What is needed is an exact copy of all the lines below.
═════ THE INPUT
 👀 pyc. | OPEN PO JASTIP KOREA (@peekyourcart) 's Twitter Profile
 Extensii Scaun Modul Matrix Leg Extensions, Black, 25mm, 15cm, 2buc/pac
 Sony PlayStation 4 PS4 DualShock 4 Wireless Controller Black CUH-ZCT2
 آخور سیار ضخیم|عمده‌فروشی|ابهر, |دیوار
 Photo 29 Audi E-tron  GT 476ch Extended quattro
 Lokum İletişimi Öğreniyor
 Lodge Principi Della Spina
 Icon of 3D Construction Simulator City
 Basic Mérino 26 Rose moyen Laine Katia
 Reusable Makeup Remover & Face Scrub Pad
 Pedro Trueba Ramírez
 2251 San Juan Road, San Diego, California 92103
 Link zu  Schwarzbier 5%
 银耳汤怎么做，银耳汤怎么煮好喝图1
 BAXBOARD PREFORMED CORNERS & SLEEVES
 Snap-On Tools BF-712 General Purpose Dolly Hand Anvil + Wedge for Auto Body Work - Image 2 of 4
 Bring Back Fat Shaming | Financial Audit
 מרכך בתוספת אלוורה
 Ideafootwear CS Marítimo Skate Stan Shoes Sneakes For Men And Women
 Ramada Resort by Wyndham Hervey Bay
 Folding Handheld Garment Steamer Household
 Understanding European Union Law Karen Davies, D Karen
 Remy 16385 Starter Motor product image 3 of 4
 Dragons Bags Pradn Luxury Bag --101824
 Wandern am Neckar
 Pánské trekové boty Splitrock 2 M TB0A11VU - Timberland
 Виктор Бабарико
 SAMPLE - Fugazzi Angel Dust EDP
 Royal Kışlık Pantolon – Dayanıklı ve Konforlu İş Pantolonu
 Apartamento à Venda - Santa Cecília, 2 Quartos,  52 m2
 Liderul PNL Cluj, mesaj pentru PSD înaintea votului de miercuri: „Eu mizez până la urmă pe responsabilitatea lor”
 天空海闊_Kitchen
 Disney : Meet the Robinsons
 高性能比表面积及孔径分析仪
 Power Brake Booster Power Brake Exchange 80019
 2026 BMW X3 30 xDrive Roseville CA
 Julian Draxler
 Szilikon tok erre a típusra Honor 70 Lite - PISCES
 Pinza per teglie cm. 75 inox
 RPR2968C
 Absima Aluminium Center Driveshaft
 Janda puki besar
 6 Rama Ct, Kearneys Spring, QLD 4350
══════════
EXERCISE OUTPUT →
 👀 pyc. | OPEN PO JASTIP KOREA (@peekyourcart) 's Twitter Profile
 Extensii Scaun Modul Matrix Leg Extensions, Black, 25mm, 15cm, 2buc/pac
 Sony PlayStation 4 PS4 DualShock 4 Wireless Controller Black CUH-ZCT2
 آخور سیار ضخیم|عمده‌فروشی|ابهر, |دیوار
 Photo 29 Audi E-tron  GT 476ch Extended quattro
 Lokum İletişimi Öğreniyor
 Lodge Principi Della Spina
 Icon of 3D Construction Simulator City
 Basic Mérino 26 Rose moyen Laine Katia
 Reusable Makeup Remover & Face Scrub Pad
 Pedro Trueba Ramírez
 2251 San Juan Road, San Diego, California 92103
 Link zu  Schwarzbier 5%
 银耳汤怎么做，银耳汤怎么煮好喝图1
 BAXBOARD PREFORMED CORNERS & SLEEVES
 Snap-On Tools BF-712 General Purpose Dolly Hand Anvil + Wedge for Auto Body Work - Image 2 of 4
 Bring Back Fat Shaming | Financial Audit
 מרכך בתוספת אלוורה
 Ideafootwear CS Marítimo Skate Stan Shoes Sneakes For Men And Women
 Ramada Resort by Wyndham Hervey Bay
 Folding Handheld Garment Steamer Household
 Understanding European Union Law Karen Davies, D Karen
 Remy 16385 Starter Motor product image 3 of 4
 Dragons Bags Pradn Luxury Bag --101824
 Wandern am Neckar
 Pánské trekové boty Splitrock 2 M TB0A11VU - Timberland
 Виктор Бабарико
 SAMPLE - Fugazzi Angel Dust EDP
 Royal Kışlık Pantolon – Dayanıklı ve Konforlu İş Pantolonu
 Apartamento à Venda - Santa Cecília, 2 Quartos,  52 m2
 Liderul PNL Cluj, mesaj pentru PSD înaintea votului de miercuri: „Eu mizez până la urmă pe responsabilitatea lor”
 天空海闊_Kitchen
 Disney : Meet the Robinsons
 高性能比表面积及孔径分析仪
 Power Brake Booster Power Brake Exchange 80019
 2026 BMW X3 30 xDrive Roseville CA
 Julian Draxler
 Szilikon tok erre a típusra Honor 70 Lite - PISCES
 Pinza per teglie cm. 75 inox
 RPR2968C
 Absima Aluminium Center Driveshaft
 Janda puki besar
 6 Rama Ct, Kearneys Spring, QLD 4350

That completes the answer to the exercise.